Meta, hell-bent on catching up to its rivals in the generative AI space, is spending thousands of millions in their own AI efforts. A part of those billions goes to recruit AI researchers. But an even bigger chunk is being spent on hardware development, specifically chips to run and train Meta’s AI models.
Goal sleepless the latest fruit of its chip development efforts today, notably a day after Intel Announced its latest AI accelerator hardware. Called the “next-generation” Meta Training and Inference Accelerator (MTIA), the successor to last year’s MTIA v1, the chip runs models that include ranking and recommending display ads on Meta properties (e.g., Facebook).
Compared to MTIA v1, which was built on a 7nm process, the next-generation MTIA is 5nm. (In chip manufacturing, “process” refers to the size of the smallest component that can be built on the chip.) The next-generation MTIA has a physically larger design, equipped with more processing cores than its predecessor. And while it consumes more power (90W vs. 25W), it also has more internal memory (128MB vs. 64MB) and runs at a higher average clock speed (1.35GHz vs. 800MHz).
Meta says the next-generation MTIA is currently available in 16 of its data center regions and offers up to 3x better overall performance compared to MTIA v1. If that “3x” statement sounds a little vague, you’re not wrong: we think so too. But Meta simply said the figure came from testing the performance of “four key models” on both chips.
“Because we control the entire stack, we can achieve greater efficiency compared to commercially available GPUs,” Meta writes in a blog post shared with TechCrunch.
Meta’s hardware showcase, which comes just 24 hours after a press conference about the company’s various ongoing generative AI initiatives, is unusual for several reasons.
One, Meta reveals in the blog entry It is not using the next-generation MTIA for generative AI training workloads at this time, although the company says it has “several programs underway” exploring this. Second, Meta admits that next-generation MTIA will not replace GPUs for running or training models, but rather complement them.
Reading between the lines, Meta moves slowly, perhaps slower than he would like.
Meta’s AI teams are almost certainly under pressure to reduce costs. The company is willing to spend a My dear $18 billion by the end of 2024 on GPUs to train and run generative AI models, and with training costs for cutting-edge generative models running into the tens of millions of dollars, in-house hardware presents an attractive alternative.
And while Meta’s hardware drags, I suspect rivals are gaining the upper hand, much to the dismay of Meta’s leadership.

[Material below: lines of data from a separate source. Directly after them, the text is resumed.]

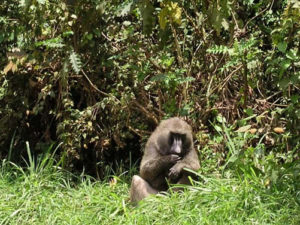 Ajai Wildlife Reserve of Uganda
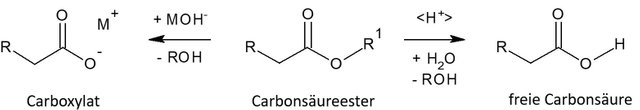 Ester-Hydrolyse.jpg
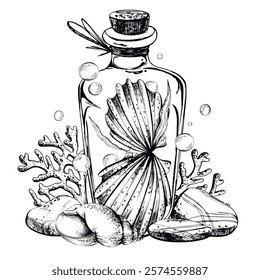 Seashells, sea sponges, corals, pebbles and bubbles inside a glass bottle with a stopper. Hand drawn graphic illustration in black and white color line art. Sublimation arrangement on marine theme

This week, Google made its fifth-generation custom chip for training AI models, TPU v5p, generally available to Google Cloud customers, and revealed its first dedicated chip for running models, Axion. Amazon has several families of custom AI chips under its belt. And last year, Microsoft jumped into the fray with the Azure Maia AI accelerator and Azure Cobalt 100 CPU.
In it blog entryMeta says it took less than nine months to “go from first silicon to production models” of the next-generation MTIA, which to be fair is shorter than the typical window between Google’s TPUs. But Meta has a lot of catching up to do if it hopes to achieve some independence from third-party GPUs and keep up with its stiff competition.